:: WHAT YOU ARE ASKED TO DO ::
From the data below, return only the lines from the one with "BITUXX® Profiset Poliermaschine" through the one with "Elegant Genuine Leather", exact and inclusive, with pictures left out.

++++ DATA UNDER STUDY

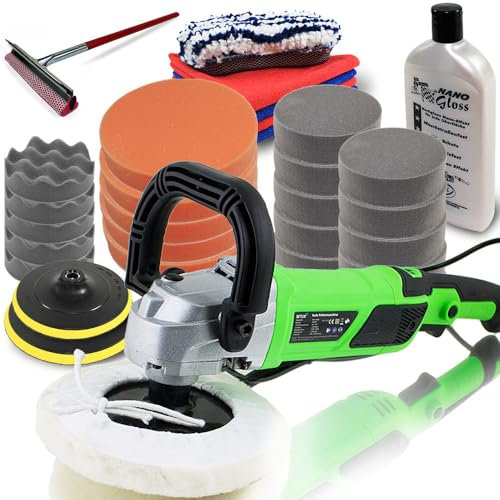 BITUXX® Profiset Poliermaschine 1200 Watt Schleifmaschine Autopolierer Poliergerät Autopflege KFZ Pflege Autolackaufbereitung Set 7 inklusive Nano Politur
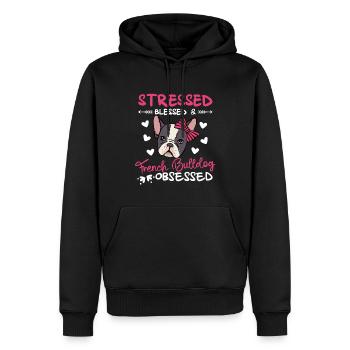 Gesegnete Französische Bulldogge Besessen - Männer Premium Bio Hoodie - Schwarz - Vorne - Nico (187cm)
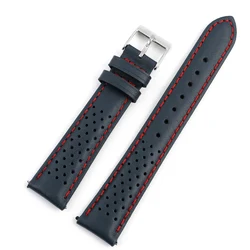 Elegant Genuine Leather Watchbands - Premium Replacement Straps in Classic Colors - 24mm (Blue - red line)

++++++++
++++ DATA UNDER STUDY

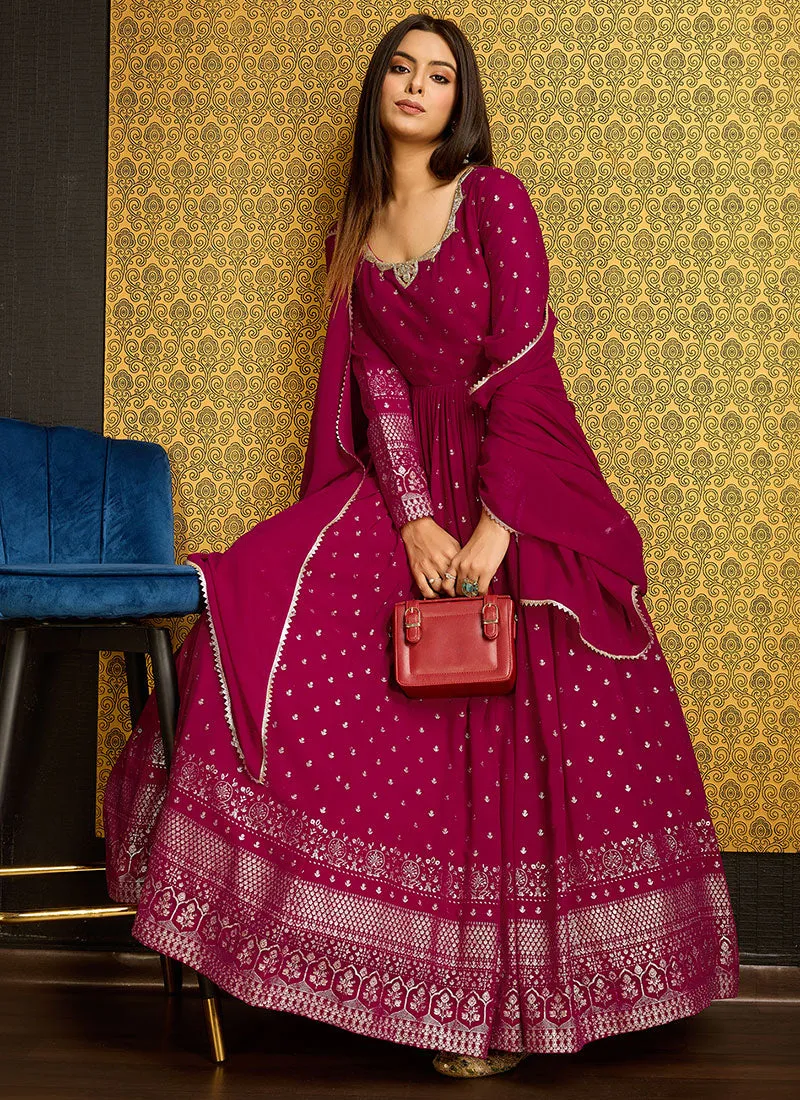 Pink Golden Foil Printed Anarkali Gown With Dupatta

++++++++

:: EXERCISE RESULT ::
 BITUXX® Profiset Poliermaschine 1200 Watt Schleifmaschine Autopolierer Poliergerät Autopflege KFZ Pflege Autolackaufbereitung Set 7 inklusive Nano Politur
 Gesegnete Französische Bulldogge Besessen - Männer Premium Bio Hoodie - Schwarz - Vorne - Nico (187cm)
 Elegant Genuine Leather Watchbands - Premium Replacement Straps in Classic Colors - 24mm (Blue - red line)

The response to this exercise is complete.